From 2004 to 2018, we made 327 grants totaling $242.5 million.

From 2004 to 2017, the Digital Media and Learning initiative supported research and design experiments to better understand how digital media are changing the way young people learn, play, socialize, and participate civically and how those insights could be used to improve education. A new approach called Connected Learning emerged from this grantmaking as a powerful new framework for designing learning that is engaging, relevant, and prepares young people for a highly connected, technology-enabled 21st century. Connected Learning contends that the most powerful learning happens when it is:

  • connected to young people’s interests;
  • enables them to connect with their peers, and;
  • is relevant to their lives.

To scrutinize the Connected Learning model and its application in both classrooms and informal settings, the Digital Media and Learning initiative also supported research about assessing the impact of Connected Learning on outcomes for youth, as well as design experiments in libraries, museums, and other informal learning environments to pilot and test new teaching and learning tools, curricula, and approaches based on the Connected Learning framework. It launched Cities of Learning, a national effort to pilot these experiments at scale in cities across the country and test a new approach to credentialing learning called “digital badges.” Determining that the scale of Connected Learning required a new set of investors and partners, alternative funding models, and a more entrepreneurial ethos, MacArthur funded the launch of a new organization, LRNG, as the final phase of the initiative.
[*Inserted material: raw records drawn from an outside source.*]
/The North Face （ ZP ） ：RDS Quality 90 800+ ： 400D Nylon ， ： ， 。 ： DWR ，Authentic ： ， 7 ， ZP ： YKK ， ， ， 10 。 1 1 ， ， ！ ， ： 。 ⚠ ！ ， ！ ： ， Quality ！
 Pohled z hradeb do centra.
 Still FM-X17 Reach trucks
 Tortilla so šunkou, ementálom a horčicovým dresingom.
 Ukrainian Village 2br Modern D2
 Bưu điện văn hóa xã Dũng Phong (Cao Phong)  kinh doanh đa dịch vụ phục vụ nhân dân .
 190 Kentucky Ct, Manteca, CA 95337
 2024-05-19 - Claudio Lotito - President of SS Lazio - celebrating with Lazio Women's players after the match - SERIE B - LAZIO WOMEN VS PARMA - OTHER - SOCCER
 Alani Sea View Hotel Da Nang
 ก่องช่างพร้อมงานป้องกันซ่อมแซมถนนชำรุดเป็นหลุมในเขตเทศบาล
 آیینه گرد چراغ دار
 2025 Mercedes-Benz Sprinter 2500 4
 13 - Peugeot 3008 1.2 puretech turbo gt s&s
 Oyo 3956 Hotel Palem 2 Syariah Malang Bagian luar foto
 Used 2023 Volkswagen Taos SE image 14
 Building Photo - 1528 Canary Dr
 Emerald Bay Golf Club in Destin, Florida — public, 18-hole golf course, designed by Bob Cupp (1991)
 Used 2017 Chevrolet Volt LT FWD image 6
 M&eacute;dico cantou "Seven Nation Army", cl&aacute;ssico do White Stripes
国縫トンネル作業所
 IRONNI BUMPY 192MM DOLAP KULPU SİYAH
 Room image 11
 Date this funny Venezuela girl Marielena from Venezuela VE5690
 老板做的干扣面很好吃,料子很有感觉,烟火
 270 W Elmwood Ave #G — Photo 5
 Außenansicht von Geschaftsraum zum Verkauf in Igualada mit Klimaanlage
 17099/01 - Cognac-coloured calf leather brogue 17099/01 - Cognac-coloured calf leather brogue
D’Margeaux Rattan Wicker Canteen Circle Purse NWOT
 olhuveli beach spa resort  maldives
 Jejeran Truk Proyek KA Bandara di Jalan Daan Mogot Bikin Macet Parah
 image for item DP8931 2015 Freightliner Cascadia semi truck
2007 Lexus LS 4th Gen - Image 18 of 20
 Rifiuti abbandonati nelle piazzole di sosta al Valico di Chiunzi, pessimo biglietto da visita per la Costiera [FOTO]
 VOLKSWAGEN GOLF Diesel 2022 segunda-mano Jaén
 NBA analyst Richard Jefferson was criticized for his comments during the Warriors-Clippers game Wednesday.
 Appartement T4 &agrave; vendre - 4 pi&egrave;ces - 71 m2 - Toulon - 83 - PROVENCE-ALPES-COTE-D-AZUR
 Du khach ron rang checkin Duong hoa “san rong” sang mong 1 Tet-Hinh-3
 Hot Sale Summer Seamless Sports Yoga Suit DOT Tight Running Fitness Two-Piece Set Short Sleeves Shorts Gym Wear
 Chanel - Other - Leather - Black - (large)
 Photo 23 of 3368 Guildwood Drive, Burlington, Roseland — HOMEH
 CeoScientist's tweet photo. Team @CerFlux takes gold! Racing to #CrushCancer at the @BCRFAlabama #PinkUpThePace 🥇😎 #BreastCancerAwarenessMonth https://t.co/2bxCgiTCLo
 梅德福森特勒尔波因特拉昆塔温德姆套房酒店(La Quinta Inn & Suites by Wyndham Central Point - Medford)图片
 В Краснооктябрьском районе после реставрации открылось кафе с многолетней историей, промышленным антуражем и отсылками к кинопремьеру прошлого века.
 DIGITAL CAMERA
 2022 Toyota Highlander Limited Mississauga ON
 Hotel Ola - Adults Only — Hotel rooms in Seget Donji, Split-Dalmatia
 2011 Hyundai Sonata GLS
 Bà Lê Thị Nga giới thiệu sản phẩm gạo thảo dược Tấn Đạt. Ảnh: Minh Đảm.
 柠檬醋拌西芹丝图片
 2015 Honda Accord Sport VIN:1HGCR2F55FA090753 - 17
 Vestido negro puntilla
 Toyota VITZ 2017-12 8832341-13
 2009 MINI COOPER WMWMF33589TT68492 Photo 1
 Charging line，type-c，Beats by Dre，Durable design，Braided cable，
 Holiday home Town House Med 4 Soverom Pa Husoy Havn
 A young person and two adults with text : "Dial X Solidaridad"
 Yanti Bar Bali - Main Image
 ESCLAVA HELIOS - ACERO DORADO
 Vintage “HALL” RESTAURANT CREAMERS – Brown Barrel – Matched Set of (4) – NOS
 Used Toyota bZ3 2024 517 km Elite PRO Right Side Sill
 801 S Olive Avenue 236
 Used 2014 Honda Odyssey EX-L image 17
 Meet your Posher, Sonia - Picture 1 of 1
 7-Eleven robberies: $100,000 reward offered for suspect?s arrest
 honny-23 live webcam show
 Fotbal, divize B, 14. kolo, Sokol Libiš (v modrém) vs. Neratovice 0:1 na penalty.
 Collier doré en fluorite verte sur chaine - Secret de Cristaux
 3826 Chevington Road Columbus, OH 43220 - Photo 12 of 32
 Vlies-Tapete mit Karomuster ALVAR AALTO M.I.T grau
This new organization took on the responsibility of scaling Connected Learning, digital badges, and other promising innovations seeded through the initiative.

History of the Program

We have invested in education since 1980, but direct investment in schools met with mixed results and few clear successes. In the 1990s, we awarded more than $40 million in grants in Chicago, working to develop more skilled teachers and better principals. In 2000, we sought national impact with The Learning Partnership, a $40 million school district reform initiative in Chicago, Minneapolis, and Baltimore. Three years into that effort, numerous superintendents had cycled through the three districts with little improvement in students’ educational experiences or performance.

In 2004, we decided to consider alternative paths. Instead of focusing on schools and school districts, we turned our attention to how young people were learning outside school. Digital media and the internet seemed to be sparking new ways of creating, sharing, and organizing knowledge.

We decided to investigate this topic. Site visits, a literature review, and modest exploratory grants suggested that it would be a promising area of work. In June 2005, our Board of Directors established Digital Media and Learning as a new grantmaking area, which launched in 2006.
  

Phase 1 (2005–2009)


In this phase, we focused on inquiry and raising awareness. We wanted to understand how learning is changing as a result of digital media and asked:

  • How are young people changing as a result of their use of digital media?
  • How are learning environments changing? How should they change in the future?
  • How are civic and social institutions changing? How should they change in the future?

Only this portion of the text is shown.